By 2018, there was intensive lobbying both in favor and against two extremely controversial elements of the Copyright Directive.
Article 11 (later renamed to Article 15) was decried by opponents as a “tax” on links to Internet-based news, contrary to the claims of publishers who felt that such a mechanism is necessary to prevent online platforms from monetizing their reporting.
Article 13 (renamed to Article 17 in the final text) was framed by supporters as a much-needed tool to ensure copyright holders are fairly remunerated for content published on platforms like YouTube without their permission. Opponents feared this would inevitably lead to upload filters and censorship.
On March 26, a proposal to allow amendments to the text of the directive was voted down, with 317 in favor and 312 against. The EU Parliament then moved to vote on the entire text of the Copyright Directive without amendments.
The Copyright Directive was adopted, with 348 Members of Parliament in favor, 274 against, and 36 abstentions.

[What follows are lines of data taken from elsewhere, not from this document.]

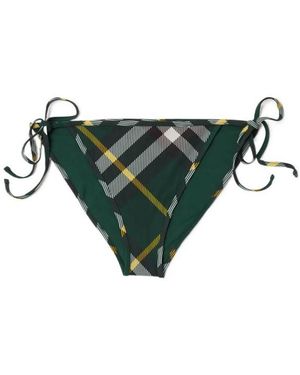 Burberry Checked Side-Tied Bikini Bottoms - Green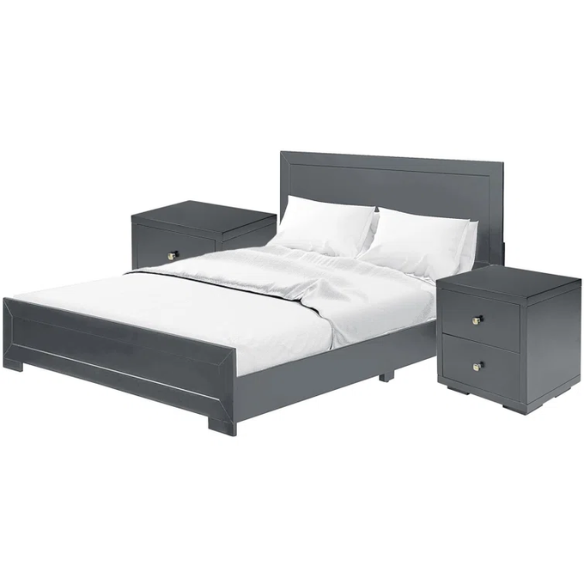 Polished Wooden Platform Full Double Size Bedroom Set – Elegant Design with Sturdy Construction and Timeless Appeal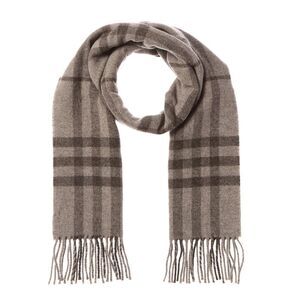 Burberry Check Wool Scarf, Grey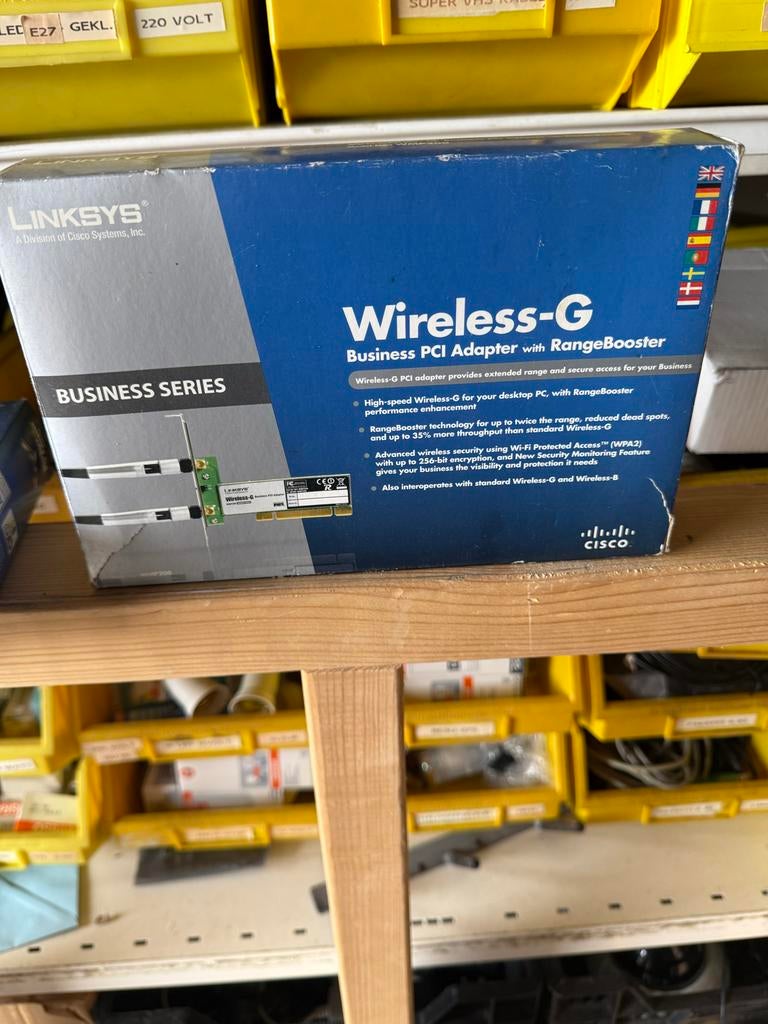Linksys Wireless-G Business PCI Adapter met RangeBooster, Ophalen of Verzenden, Gebruikt, Intern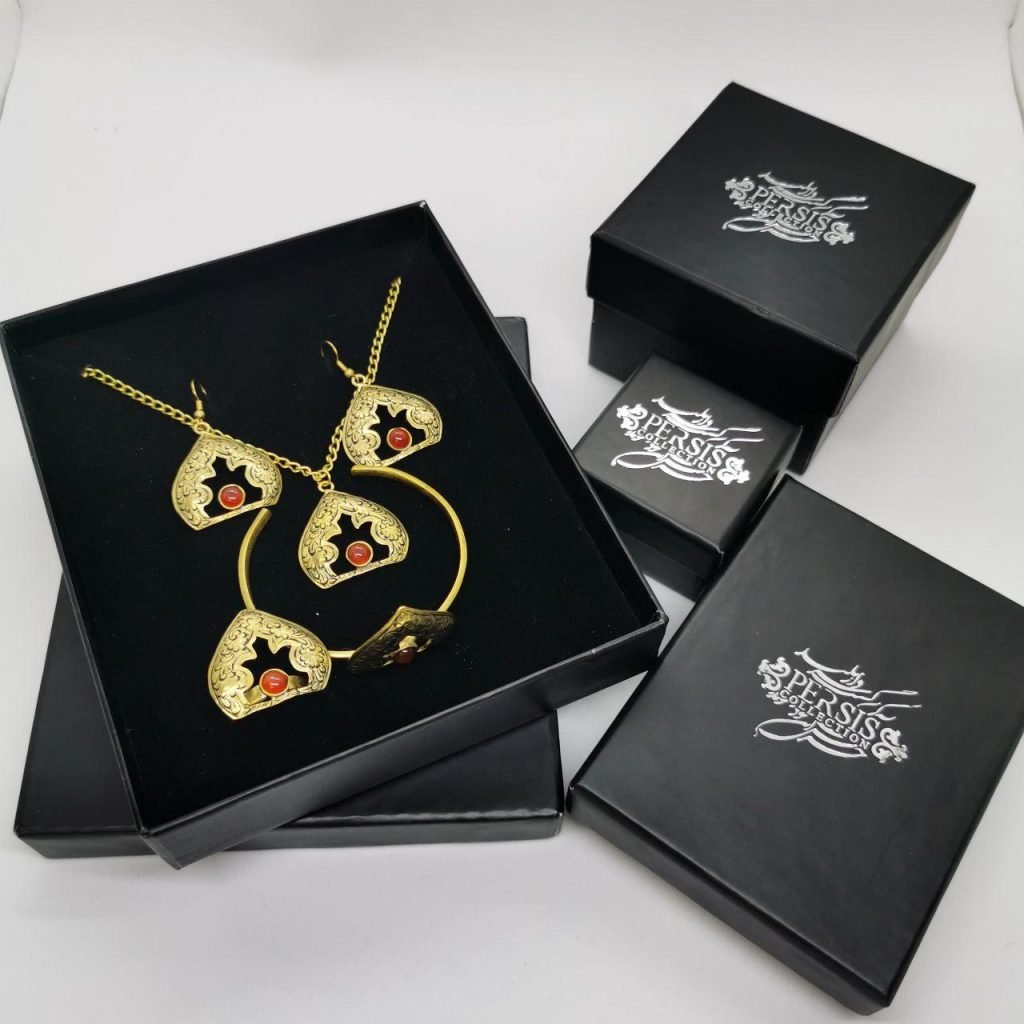 Agate Dome Jewellery Set Inside the box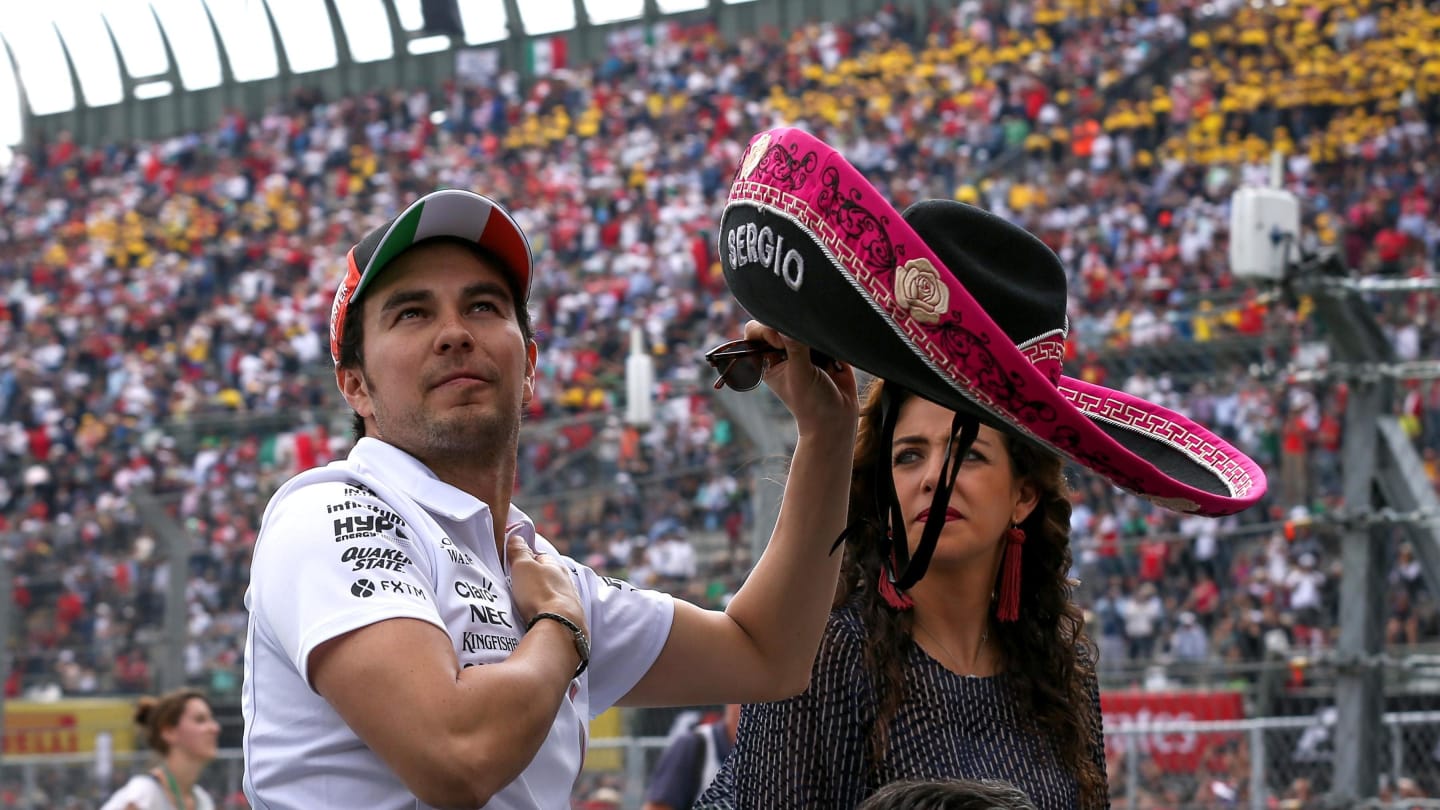 Sergio Perez (MEX) Force India on the drivers parade with Sombrero hat at Formula One World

That, however, wasn’t the end of the road as the legislation still needed to be approved by the Council of Ministers (the EU’s main legislative body) before formal adoption. That vote took place a few moments ago during the Agriculture and Fisheries Council.
As highlighted by Julia Reda MEP earlier this morning, a majority of 55% of Member States, representing 65% of the population, was required to adopt the legislation. That was easily achieved with 71.26% in favor, so the Copyright Directive will now pass into law.
As the image above shows, several countries voted against adoption, including Italy, Luxembourg, Netherlands, Poland, Finland, and Sweden. Belgium, Estonia, and Slovenia abstained.
But in the final picture that just wasn’t enough, with both Germany and the UK voting in favor, the Copyright Directive is now adopted.
EU member states will now have two years to implement the law, which requires platforms like YouTube to sign licensing agreements with creators in order to use their content. If that is not possible, they will have to ensure that infringing content uploaded by users is taken down and not re-uploaded to their services.
“The entertainment lobby will not stop here, over the next two years, they will push for national implementations that ignore users’ fundamental rights,” comments Julia Reda.
“It will be more important than ever for civil society to keep up the pressure in the Member States!”